A novel technology designed to precisely image aggressive brain cancers and guide treatment is being prepared for a phase 1 trial in glioblastoma, the most common type of brain cancer. The new MRI nanotechnology targets a specific marker, fibroblast activation protein (FAP), that is found in the majority of solid tumors, including high-grade brain cancers. The tool is being developed by the University of South Australia (UniSA) and Australian cancer diagnostic company, Ferronova.
This new agent will be particularly useful in, “Tumors where precision treatment is needed, for example brain tumors where very aggressive treatment can dramatically impact the quality of life of survivors. Better imaging of these cancers is expected to enable aggressive tumor targeting, for example with radiation, while sparing non-cancerous brain tissues,” UniSA’s Nicole Dmochowska told Inside Precision Oncology. She will lead the research.
FAB is a transmembrane protein overexpressed in stromal tumoural components in more than 90% of epithelial cancers including many tumors located in the brain, breast, and gastrointestinal organs. The expression of FAP often correlates with disease prognosis and is very specific to tumor tissues. As such, Dmochowska told IPO, “It has been gaining momentum as a ‘pan-cancer’ marker and is often suggested as having the potential to induce paradigm shifts in cancer imaging.”
Glioblastoma affects about 3.2 people per 100,000 each year, and has a 5 year survival rate of only 5-10%. In 2021, there were 1896 brain cancers (1191 males and 725 females) in Australia alone.
The agent has already yielded promising preclinical results in a prostate cancer model. Successful outcomes in this glioblastoma pilot would lead to other trials for example aimed at improving the treatment of childhood brain cancer.
Dmochowska says there is a critical need for better imaging of high-grade brain tumors. “The prognosis for high-grade brain tumors such as glioblastoma remains abysmal, so it’s vital that we progress new technologies that can potentially enable more precise targeting of tumors.”
MRI neuronavigation is critical in the treatment of brain tumors, for determining tumor structure/border and biology, for guiding surgical resection, as well as image-guided radiotherapy. Additionally, techniques such as functional MRI and tractography are used to define important brain cortices and tracts, with the aim of minimizing postsurgical neuro-deficits.

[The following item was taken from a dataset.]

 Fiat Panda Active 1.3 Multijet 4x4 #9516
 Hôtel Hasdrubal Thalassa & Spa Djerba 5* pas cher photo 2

Hien Le, a radiation oncologist at the Royal Adelaide Hospital and one of the Chief Investigators in the seed funding for this work, says the research has potential to advance cancer treatments.
“As someone who specializes in the management of brain cancer, I understand the importance of accurate tumor delineation,” Le says “Better imaging means we can more confidently define the tumor target, facilitating precise treatment delivery, whilst minimizing damage to normal healthy tissues.”

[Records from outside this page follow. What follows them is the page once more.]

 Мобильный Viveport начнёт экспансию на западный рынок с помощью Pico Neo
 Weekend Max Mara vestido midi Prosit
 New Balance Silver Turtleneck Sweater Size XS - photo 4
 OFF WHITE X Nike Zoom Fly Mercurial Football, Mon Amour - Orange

Melanie Nelson, R&D Manager at Ferronova, says the research will streamline preclinical validations for the technology for brain tumors, in preparation for a phase 1 clinical trial.
FerroTrace-FAPi is based on modification of first generation FerroTrace, which is an MRI precision surgery nanoparticulate agent undergoing clinical trials in head and neck, colorectal, gastric and breast cancer. The binding of these particles is guided to the tumor by a FAP targeting ligand developed by a collaborator at Purdue University, Professor Phil Low. These nanoparticles contain an iron core with a precisely controlled oxidation level and are designed to induce a strong contrast in the tumor on MRI, giving clinicians a more accurate depiction of the tumor’s boundaries.